I'm developing a tagging system where each user has a list of tags associated with them, and I'm storing them in a text[]
column. Here's an example:
user_id: int4 tags: text[]
------------- ------------
1 [ 'apple', 'banana', 'carrot', 'jelly' ]
2 [ 'jelly', 'zebra' ]
My server has a route called update-tags
that replaces a user's tags with a new list.
Now, I would like to be able to efficiently query for the entire list of tags and the count associated with each. The aforementioned example would return:
tag: text count: int4
--------- -----------
'apple' 1
'banana' 1
'carrot' 1
'jelly' 2
'zebra' 1
Assuming there were 10 million users, and each user had around 100 tags associated with them, and there were 10,000 tags total (ballpark numbers), doing a full-table scan of all users and de-duping all their tags is cost-prohibitive.
Tags for users change very rarely, but they are queried very often.

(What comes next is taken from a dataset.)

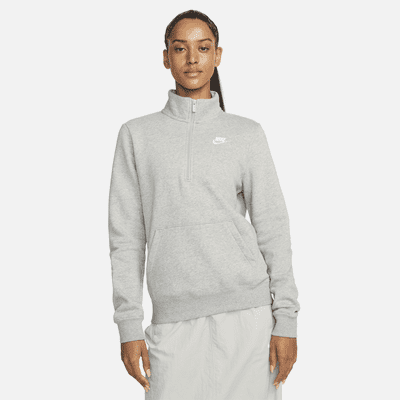 Sudadera de medio cierre para mujer Nike Sportswear Club Fleece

I would like to optimize for read-speed and not write-speed.
Also, the tag counts do not have to be 100% accurate, but eventually consistent instead.
The use of triggers seems along the right path. I initially had the thought that whenever a user's tags
column changed, to have a trigger to increment / decrement the counts, but what if many of the replacements were the same? Wouldn't it drift off over time? Is there a better way?